Pourquoi l’Arabie Saoudite veut des élections en Syrie… Mais pas chez elle

Au cours de l’émission “UpFront”, le présentateur d’Al Jazeera Mehdi Hasan a demandé au Représentant permanent de l’Arabie saoudite auprès des Nations Unies, Abdallah al-Mouallimi, pourquoi son pays soutenait l’idée d’élections démocratiques en Syrie, alors qu’il n’organise lui-même jamais ce type d’élections.

“Ce n’est pas parce qu’il doit y avoir des élections en Syrie qu’il doit y en avoir ailleurs”, a répondu le diplomate, affirmant que si l’on demandait son avis au peuple saoudien sur la structure du pouvoir dans le pays, il donnerait son soutien au régime. “Les élections ne sont pas la panacée. La question clé, c’est que la population soit contente et satisfaite avec  la forme de gouvernement qu’elle a, et je voudrais dire que si vous deviez vous rendre en Arabie Saoudite et que si vous deviez y mener un sondage en Arabie Saoudite, sous quelque forme que ce soit, officiel, formel, ou autre, vous trouveriez un fort degré de soutien pour le système de gouvernement en Arabie Saoudite”, a-t-il ajouté. “Mais est ce que ce n’est pas parce que s’ils disent qu’ils ne veulent pas de ce gouvernement, qu’ils en veulent un autre, ils peuvent aller en prison?”, a insisté le journaliste, rappelant que réclamer un changement de gouvernement était un délit en Arabie Saoudite.“Non, non”, lui a répondu le diplomate, confirmant cette interdiction. Mais je dis que s’il existait un moyen d’interroger les gens du peuple dans la rue anonymement, de façon privée, ils “Mais ce moyen existe, cela s’appelle voter”, a coupé le journaliste. “Eh bien, voter selon les règles de la démocratie occidentale n’est pas… ““Non, voter selon les règles de ce que vous souhaitez en Syrie”, a coupé le journaliste.“Ok, eh bien, même cela n’est pas la solution pour un système de gouvernement. Ce qui compte, c’est le pacte entre le gouvernement et les assujettis, l’acceptation mutuelle. Je peux vous dire que cette acceptation mutuelle est bien plus grande en Arabie Saoudite, que dans n’importe lequel de presque tous les pays du monde”.

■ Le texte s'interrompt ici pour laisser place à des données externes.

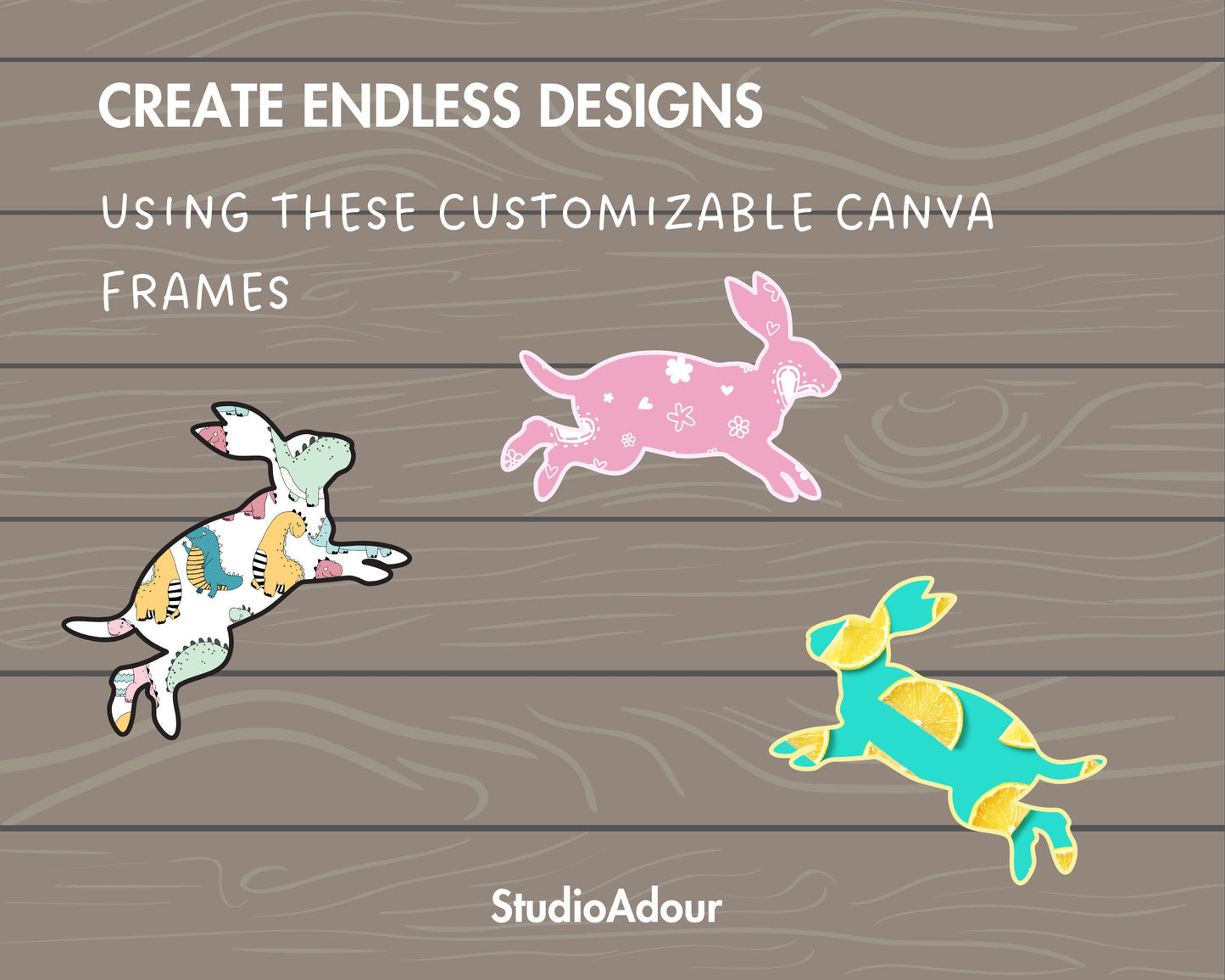Design Your Own Bunny Canva Frames, Rabbit Silhouette, Canva Frames Bundle, Drag and Drop Photo, Bunny Sticker, Easter Bunny, Bunny Clipart
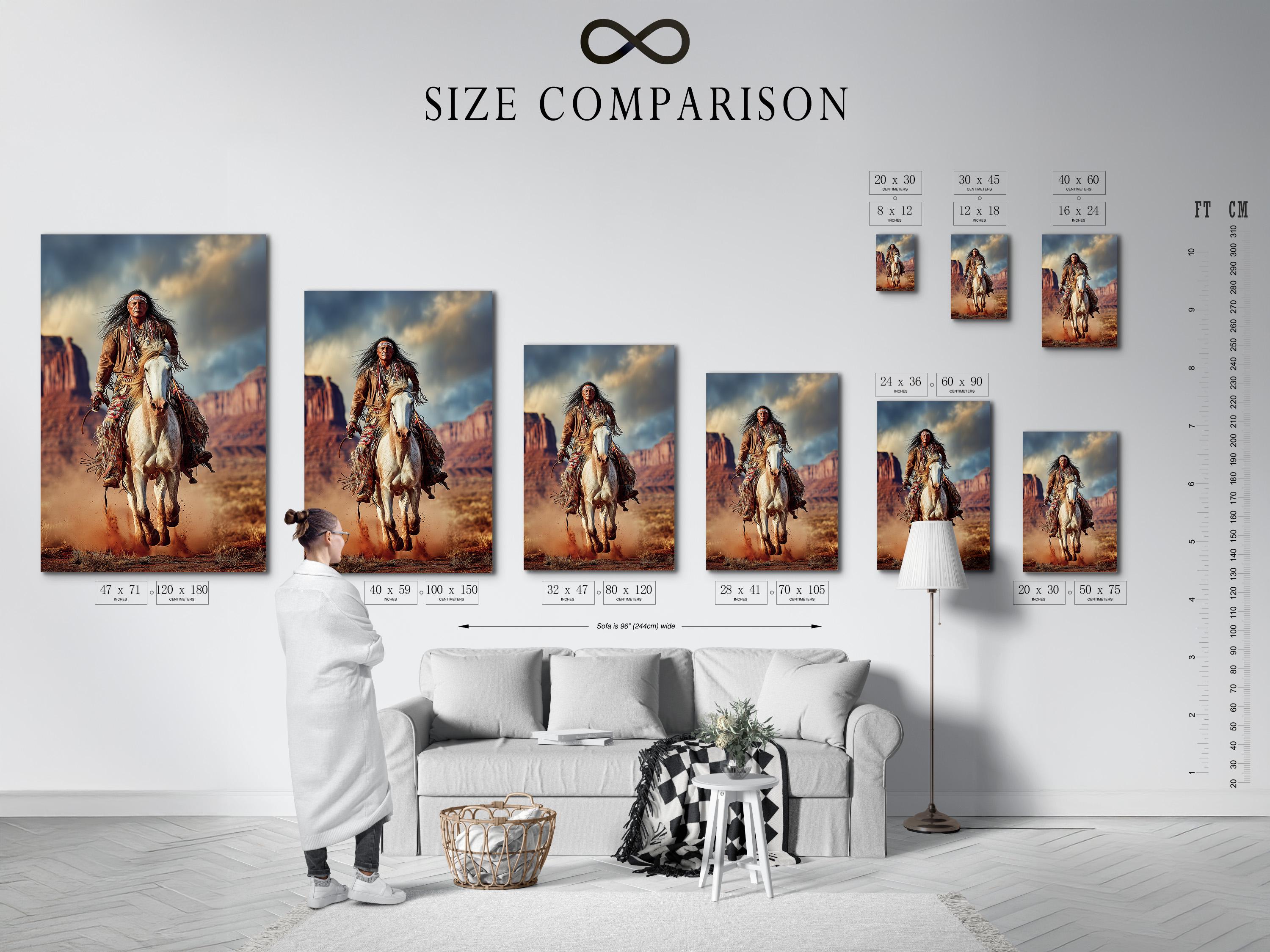 Artwork featuring a rider on a white horse charging through a dusty desert landscape, shown in a room mockup
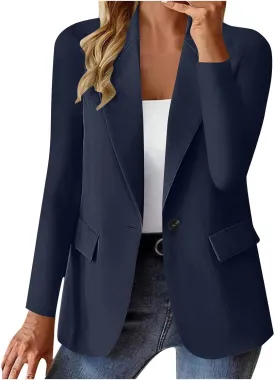 Womens Business Casual Blazer Lightweight Summer Cardigan Solid Lapel Button Down Suit Jacket Work Office Outfits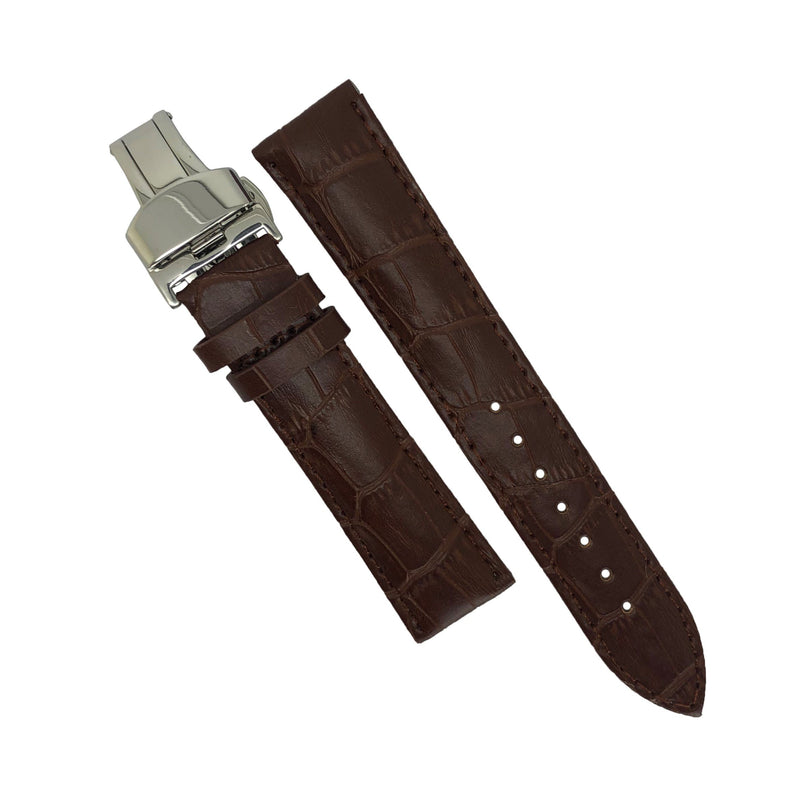 Genuine Leather Watch Strap in Brown with Silver Butterfly Deployant Clasp (20mm)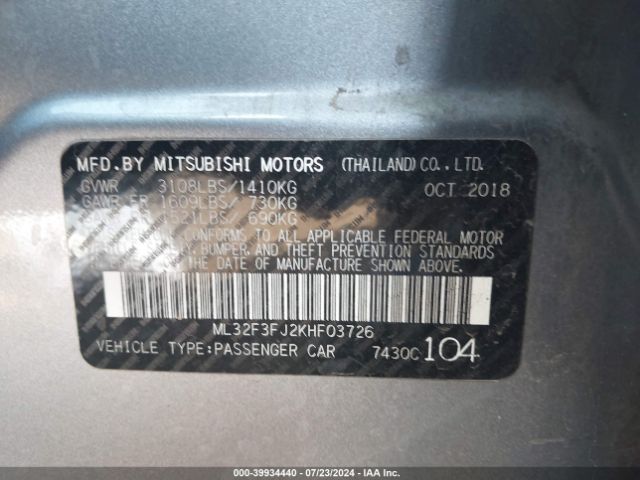 Photo 8 VIN: ML32F3FJ2KHF03726 - MITSUBISHI MIRAGE G4 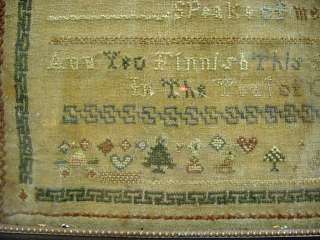   Dated May 7th 1794 Alphabet Embroidery Sampler ANN YEO Framed  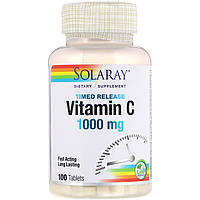 Solaray, Витамин C длительного высвобождения, 1000 мг, 100 таблеток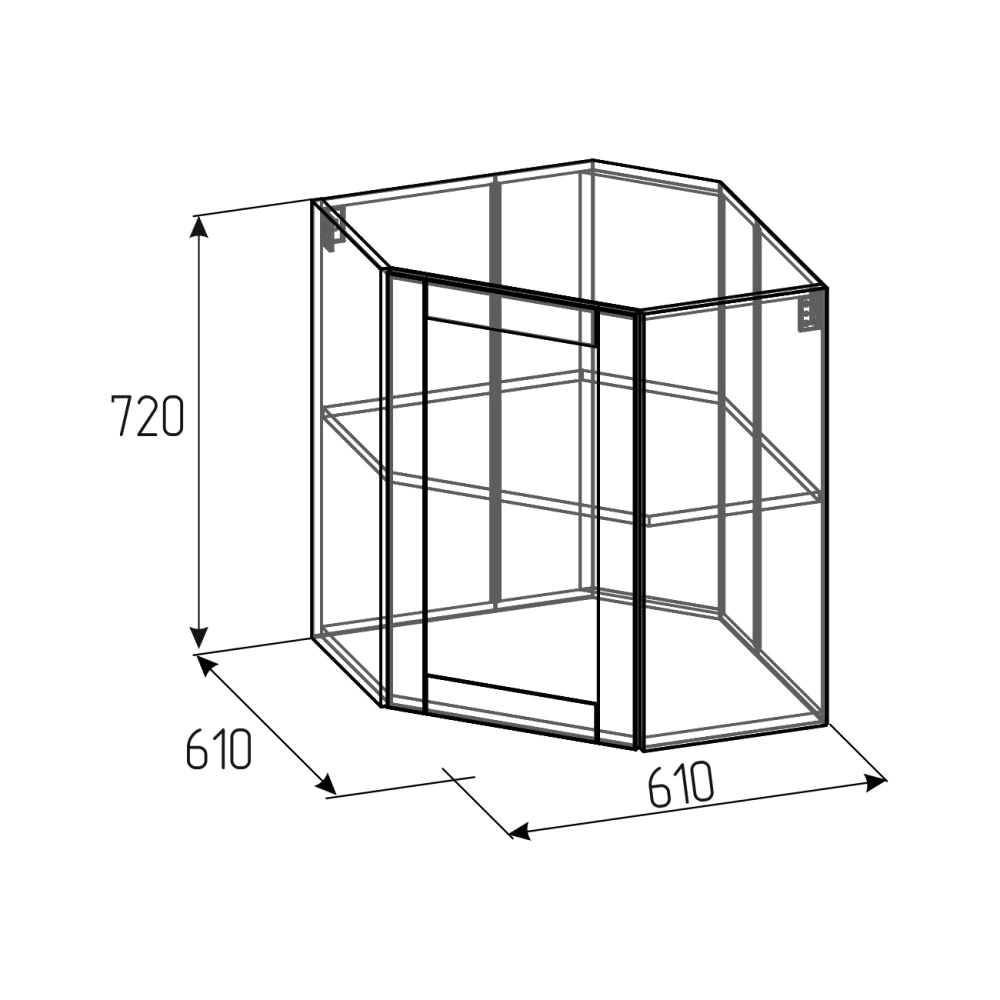 Шкаф навесной угловой KITRO Нева 61 см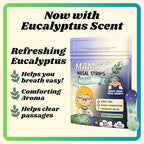 Mama's Eucalyptus Kids Nose Strips for Breathing - Hypoallergenic and Soft, Nasal Strips for Snoring - Nose Tape for Nasal Congestion Relief - Clean, Safe Snore Stopper for Sleep - 24 Count, 5+ Ages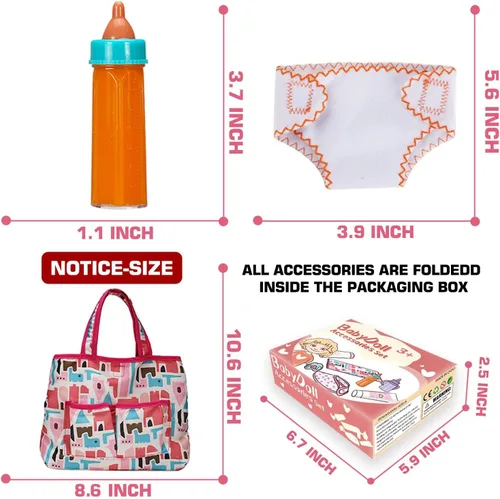 Vista 5 de Paquete de 14 accesorios para muñecas de bebé, juego de alimentación y cuidado de muñecas que incluye bolsa de pañales, pañales para muñecas
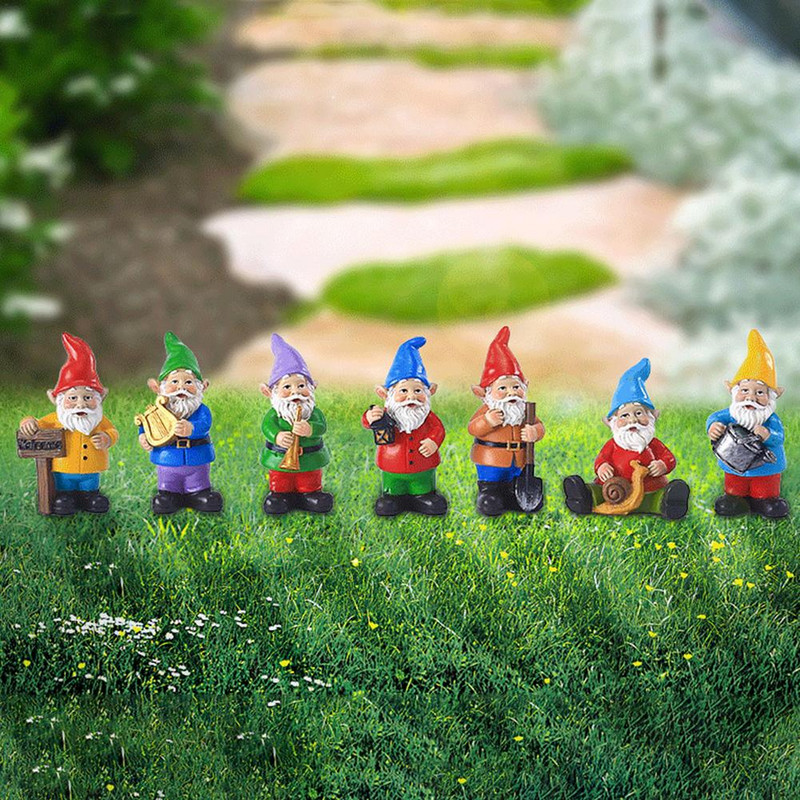 Sodo nykštuko statula Mini sodo nykštuko figūrėlės Dervos nykštuko sodas Juokingi miniatiūriniai nykštukai Elfų figūrėlės Mikro sodo nykštukų rinkinys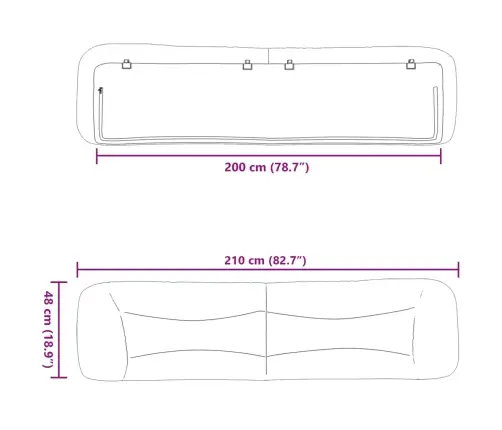 Galvgaļa Spilvens, Pelēks, 200 Cm, Mākslīgā Āda Vidaxl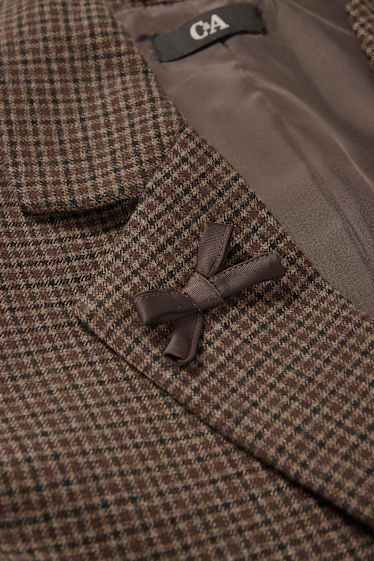 Femmes - Blazer court - à carreaux - marron foncé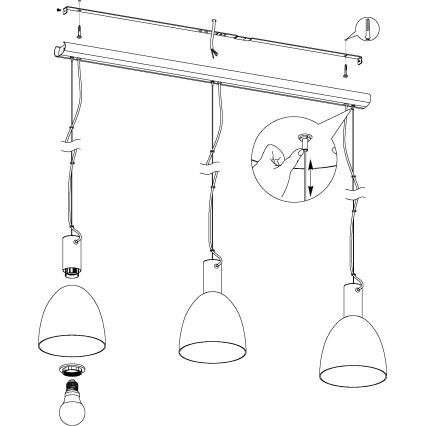 Eglo - Hängeleuchte 3xE27/40W/230V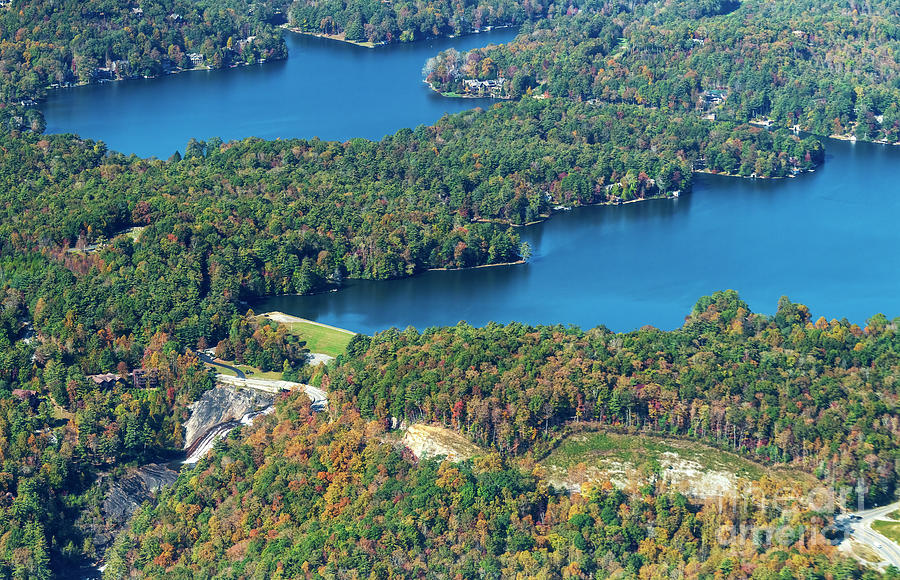 Lake Toxaway and Toxaway Falls in North Carolina Aerial View Photograph by David Oppenheimer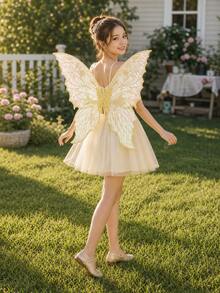 Girls Glitter Butterfly Fairy Wings Set, Fairy Princess Costume Wings, Suitable For Halloween Party Role Play - A - View 9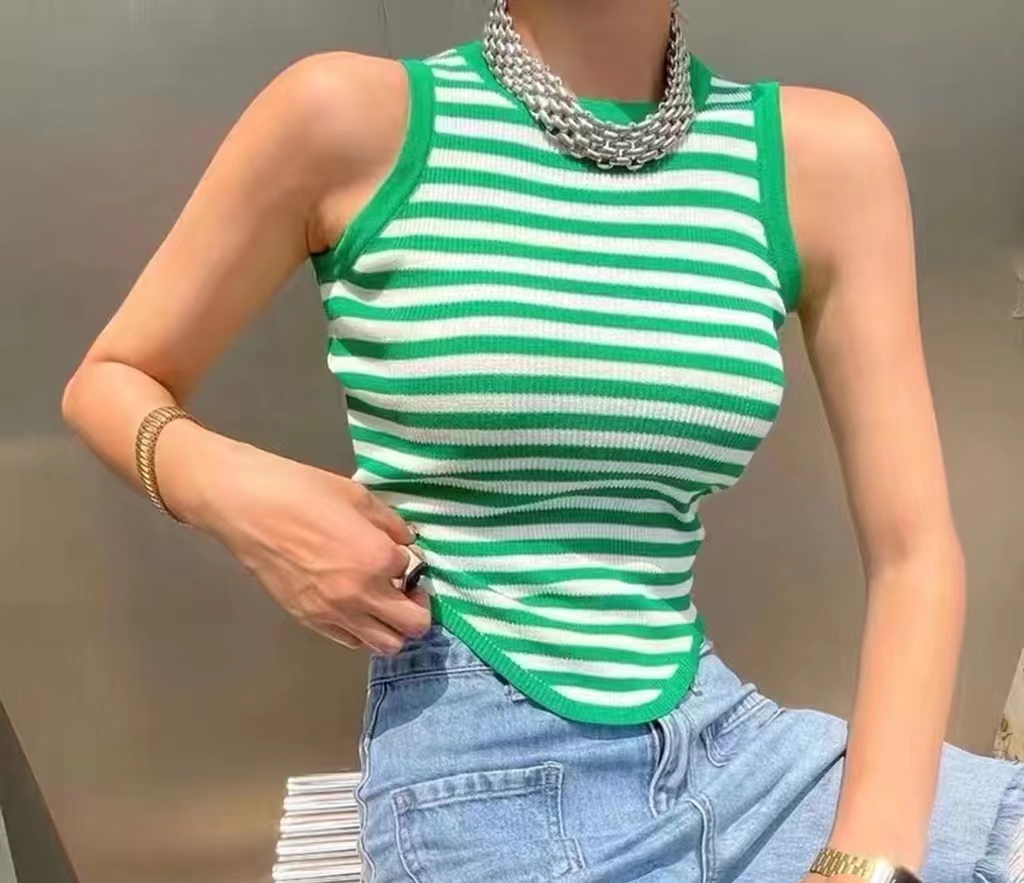 甜辣妹性感紅色條紋吊帶小背心女夏季純欲無袖上衣外穿內搭打底衫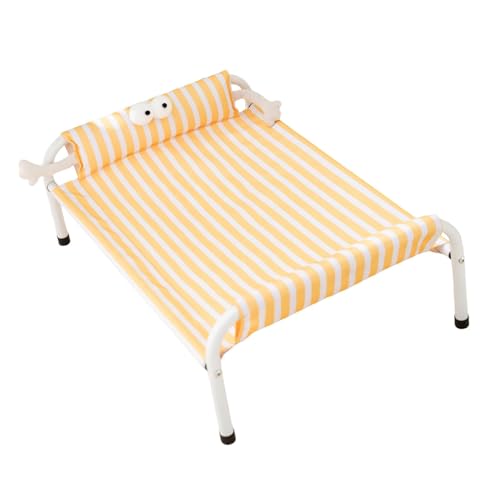 perfk Erhöhtes Hundebett, Haustier-Hängematte, Metallrahmen, tragbar, wasserdicht, rutschfest, Sommer-Haustierbett, erhöhtes Kinderbett für Katzen, Hunde, Gelb, L perfk Erhöhtes Hundebett, Haustier-Hängematte, Metallrahmen, tragbar, wasserdicht, rutschfest, Sommer-Haustierbett, erhöhtes Kinderbett für Katzen, Hunde, Gelb, L von perfk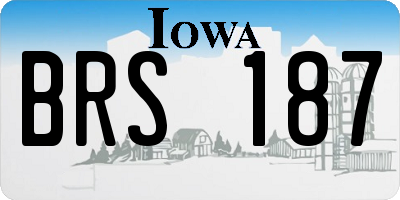 IA license plate BRS187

L’Arabie Saoudite et les droits de l’homme

Les Saoudiens ne peuvent voter que lors d’élections locales et depuis les années 1960, seulement 3 élections de ce type ont été organisées. Les femmes n’ont eu le droit de voter à ces élections qu’à partir de l’année dernière, lorsqu’elles ont eu lieu pour la dernière fois.  En septembre dernier, l’ex-ambassadeur de l’Arabie Saoudite auprès des Nations Unies, Faisal bin Hassan Trad, a été nommé pour présider un panel d’experts indépendants au Conseil des droits de l’homme (CDH). Pourtant, selon le président d’UN Watch, Hillel Neuer, le pays détient le pire record du monde en matière de liberté de culte et de droits des femmes.